Applying for Medicaid and the Children's Health Insurance Program (CHIP) isn't as hard as it's said to be, a customer satisfaction survey shows.
A majority of Utah applicants for public health benefits say forms are easily understood and quickly processed within a week to 30 days. Those asked to show additional proof of eligibility, such as pay stubs or bank statements, indicated they had "small" or "no" problems doing so. And though a slim majority – 44 percent of Medicaid enrollees and 62 percent of CHIP enrollees – had trouble contacting an eligibility worker, they say they were treated with courtesy and respect.
"The system is functioning as it's intended," said the survey's author, Keely Cofrin Allen at the state Department of Health. "Applicants are getting their questions answered, they're getting enrolled when they need to and they don't see the process as burdensome."
Conducted last spring, the poll of just under 500 applicants reflects favorably on Utah's Department of Workforce Services, which took control of Medicaid and CHIP eligibility in 2008. The findings run counter to employee complaints of low morale and concerns voiced by low-income advocates about poor customer service.
Workforce Services inherited Medicaid and CHIP eligibility just as the recession hit and scores of unemployed applied for aid. From January 2008 to January 2012, enrollment in Utah's health safety nets swelled 57 percent from 159,000 to about 251,000.

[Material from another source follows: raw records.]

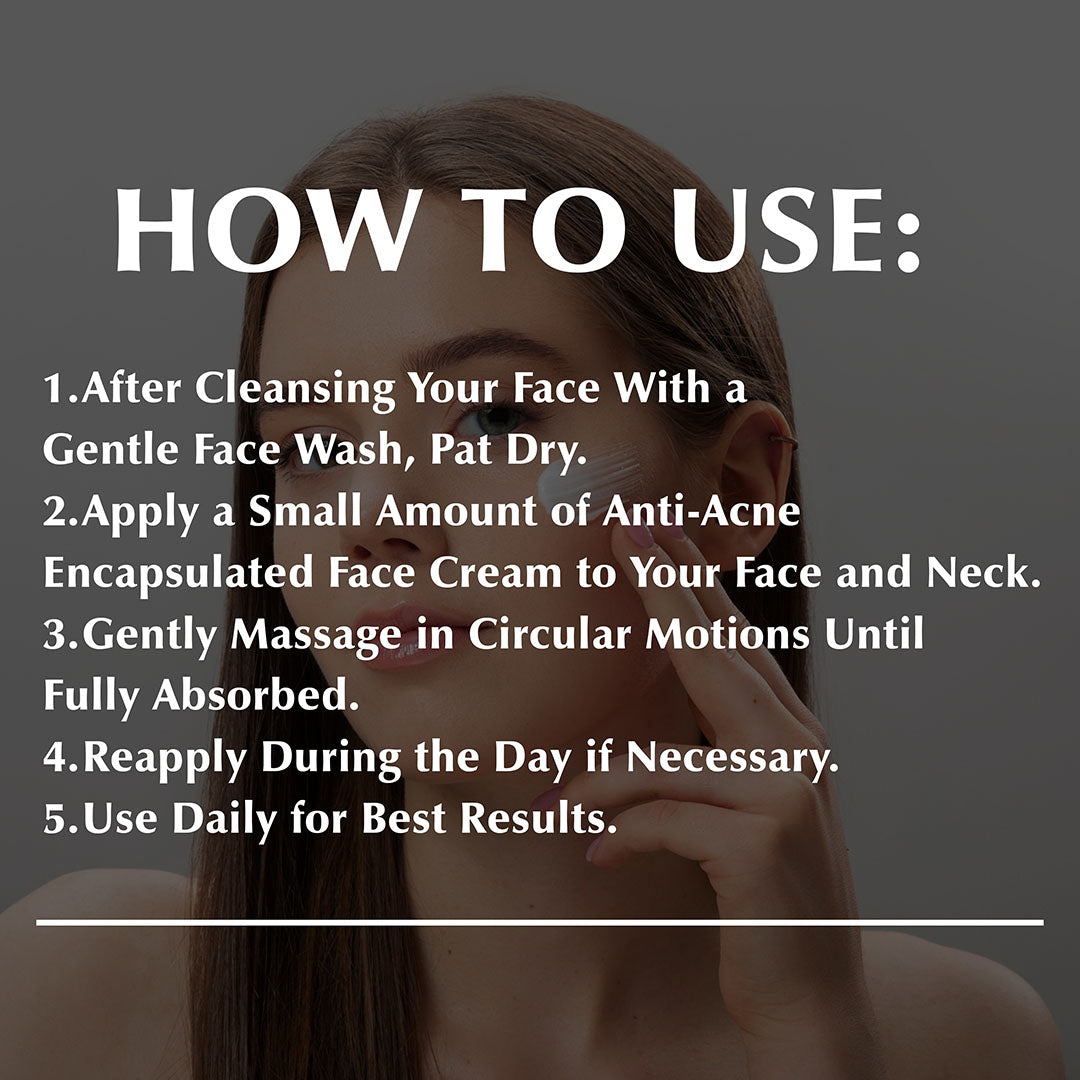 Anti-Acne Encapsulated Face Cream (50gm)
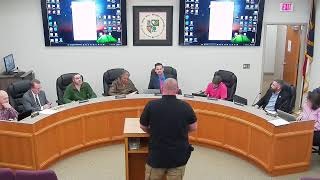 Town of Spring Hope Board of Commissioners [upl. by Aisac]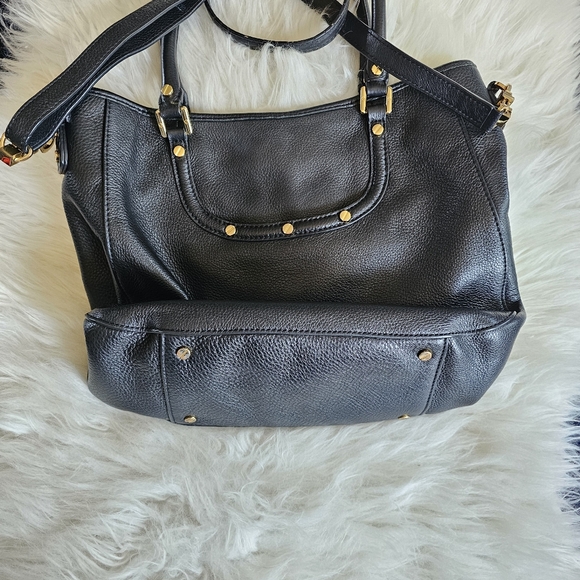 Tory Burch black leather purse - Picture 3 of 12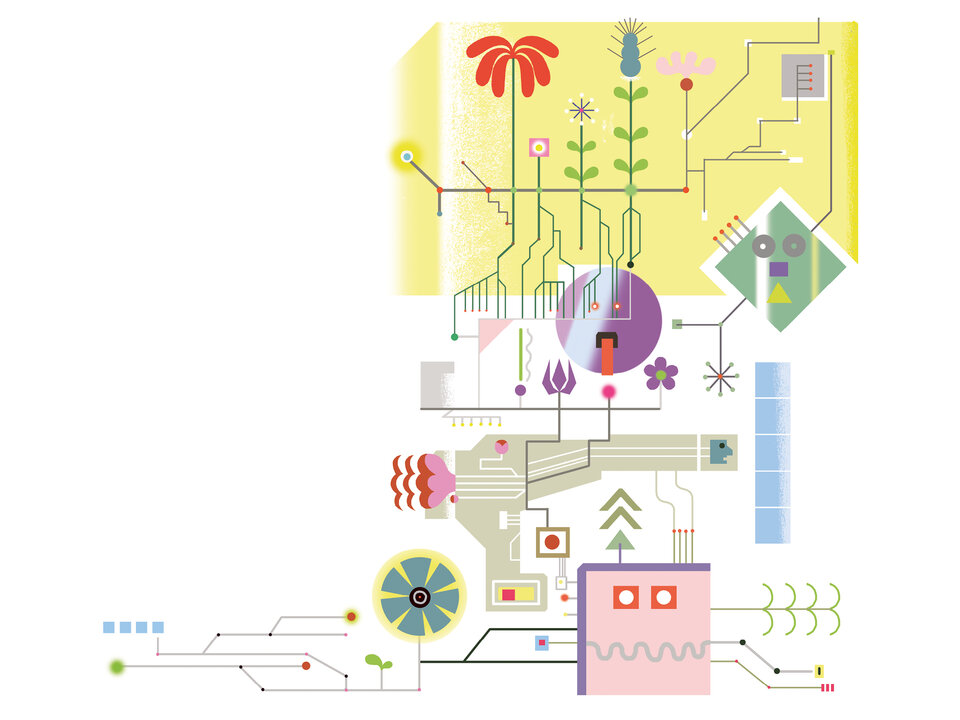 Illustration zu Green Metro-Campus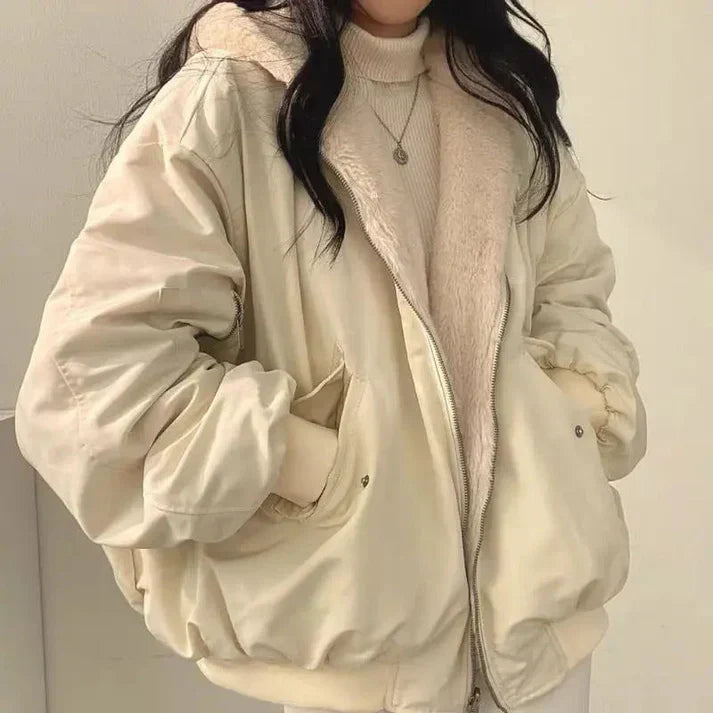 Amarae | comfortable winter coat large for women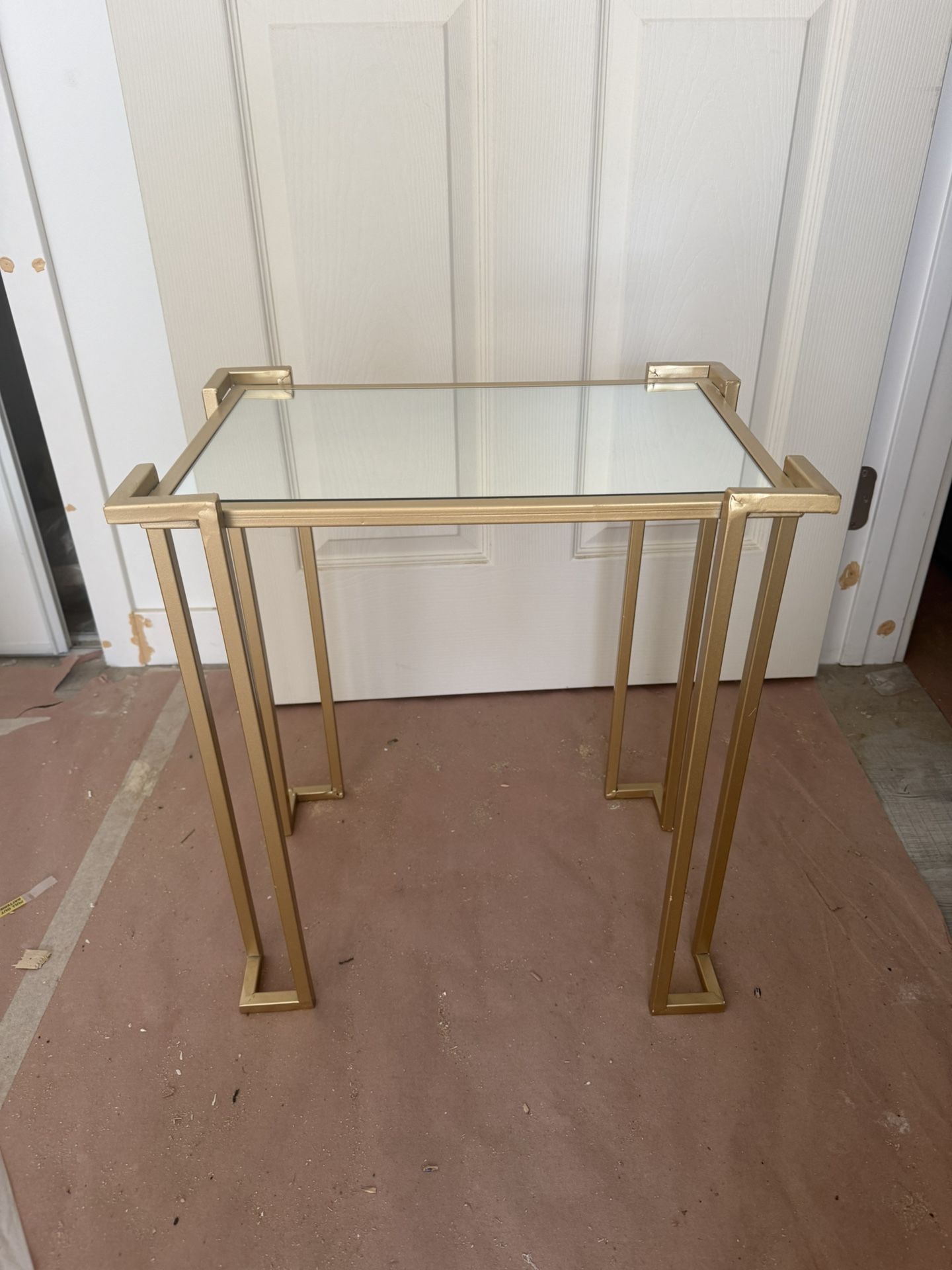 Mirror Table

Meanwhile, the number of eligibility workers shrank from 1,094 to 808, and the budget was slashed $21 million.
Former Workforce Services Executive Director Kristen Cox won praise for the austerity measures a response to legislative threats to privatize eligibility functions. But they coincided with an uptick in errors and employee unrest.

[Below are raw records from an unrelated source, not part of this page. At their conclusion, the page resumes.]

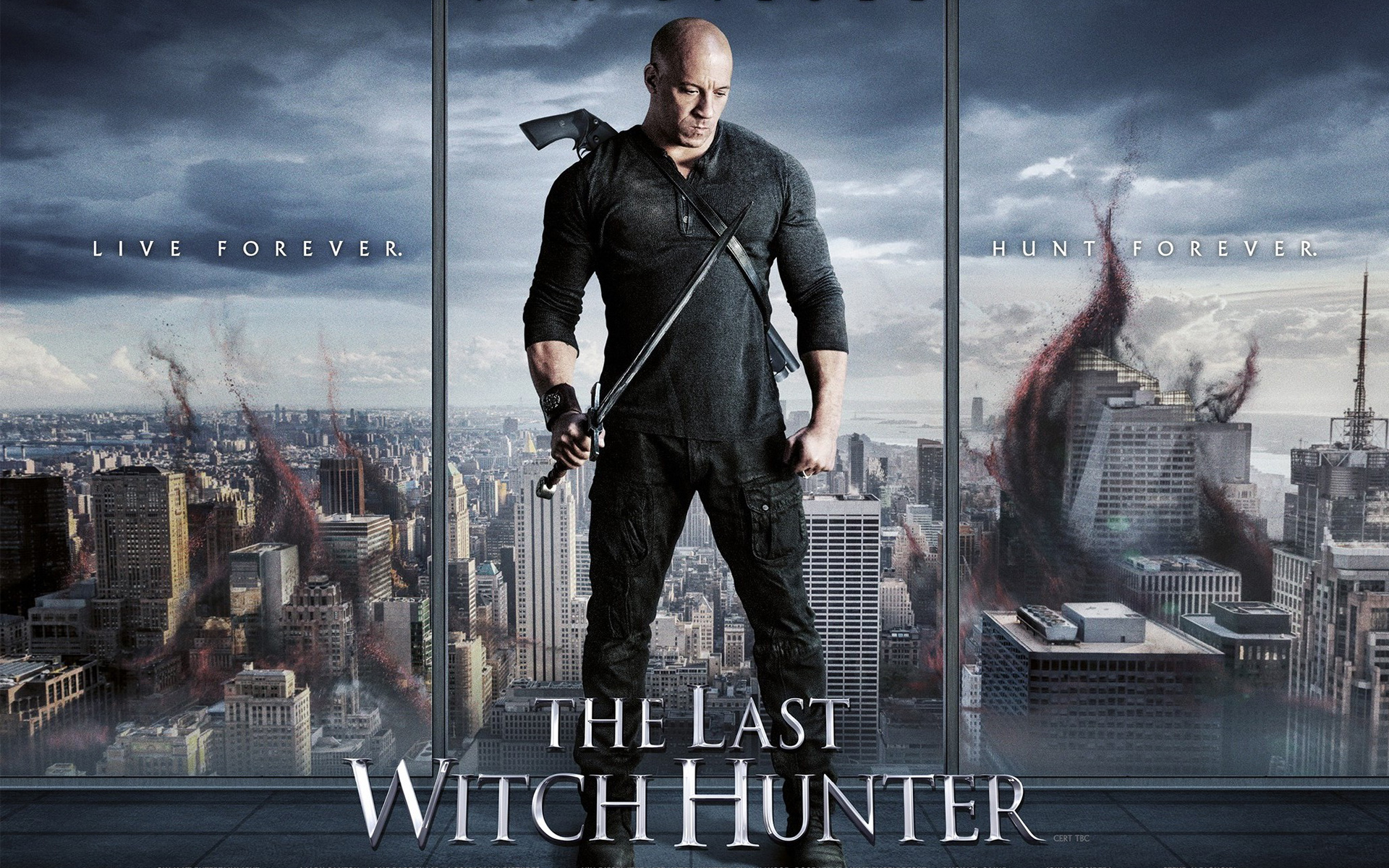 The Last Witch Hunter Vin Diesel Wallpaper HD
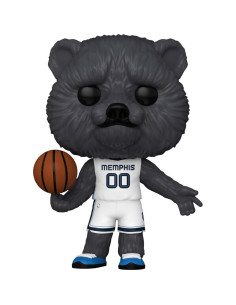 Figura Funko POP! Grizz Oso Memphis Grizzlies 11.4cm Vinilo 2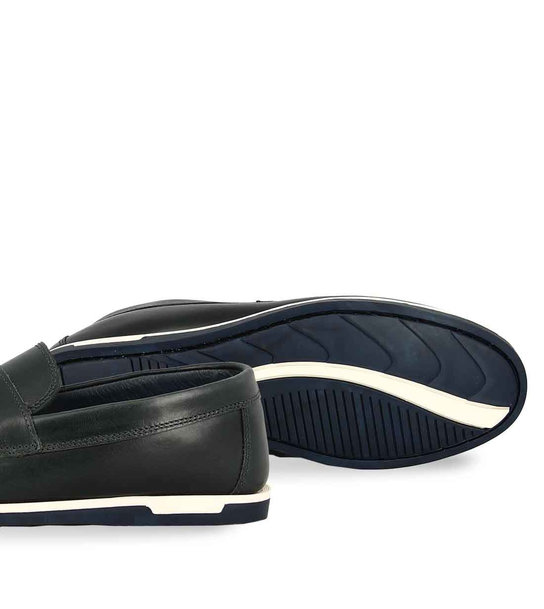 Ανδρικά Δερμάτινα Μοκασίνια Parex 10525000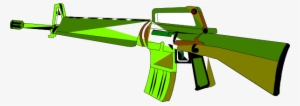 Small - M 16 Clip Art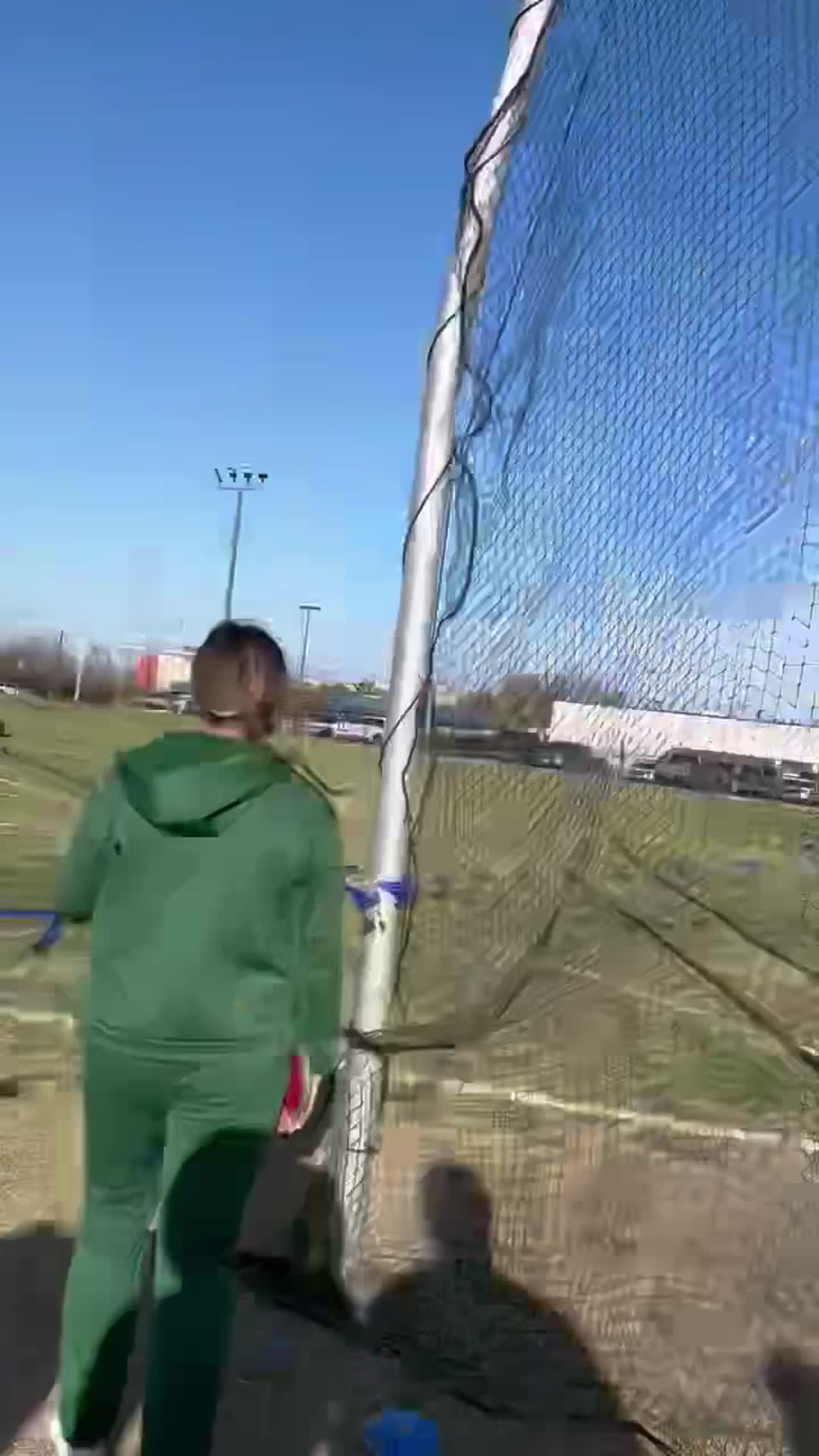 Second meet of the season, hoping to do better in every field of this specific event.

Advocates say the poll is encouraging. But they say they continue to hear complaints about the application process.
For high-risk families, particularly citizen children of undocumented immigrants, "we still see barriers and maybe a need for greater cultural competency," said Judi Hilman, executive director of the Utah Health Policy Project.

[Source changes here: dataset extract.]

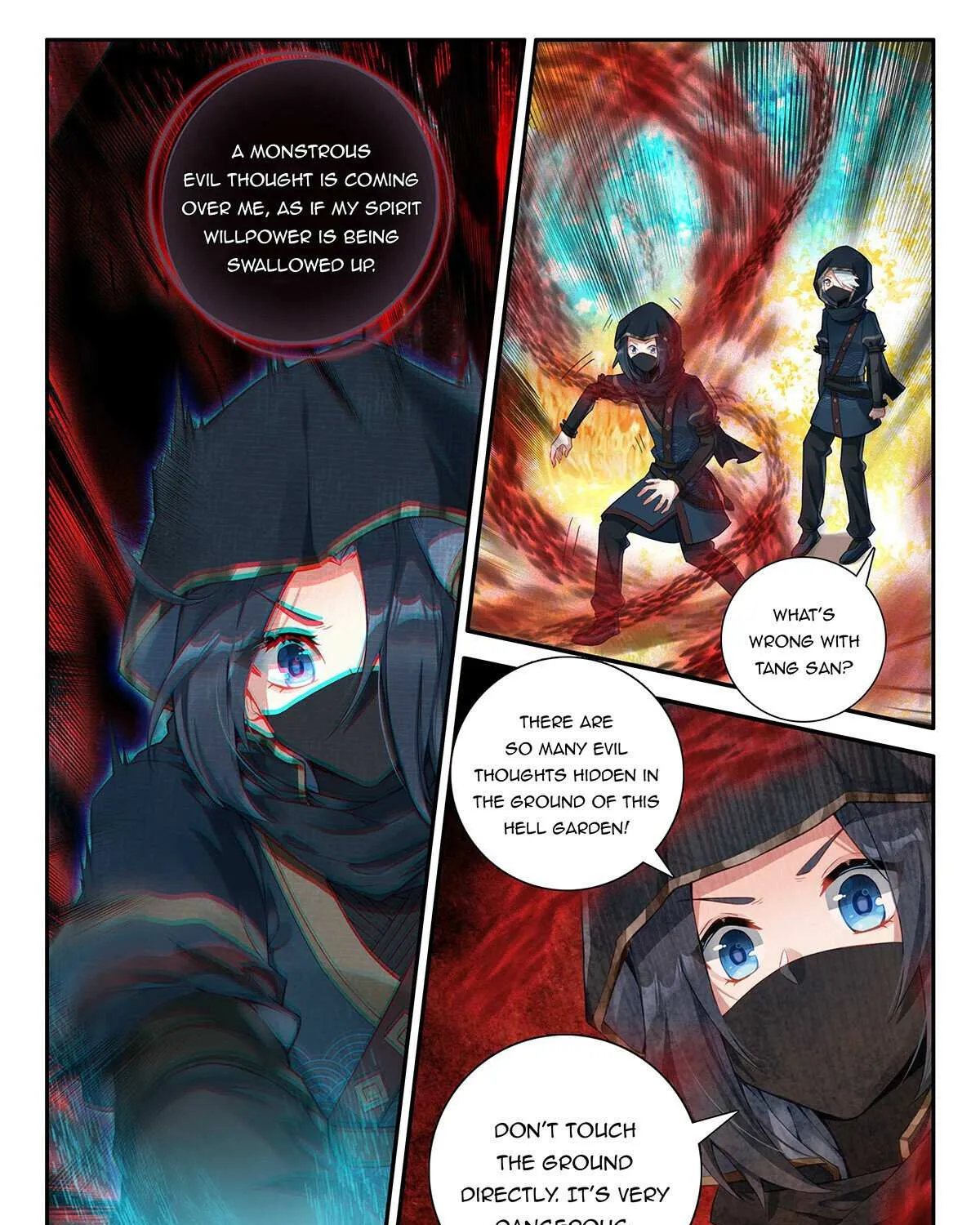 Soul Land V Zinmanga X Chapter 151 Page 12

Minor problems will soon be magnified come 2014 when, under federal health reform, virtually all Utahns must have health coverage. Whether Utah buys off on the now optional provision of the law to expand Medicaid remains to be seen.
Regardless, families will need help navigating different private and public options, Hilman said. Her non-profit is among a handful in Utah filling that role for families, but on a shoestring budget.
Utah is eligible for federal consumer assistance funding, but has twice shied from applying for the $250,000 grants.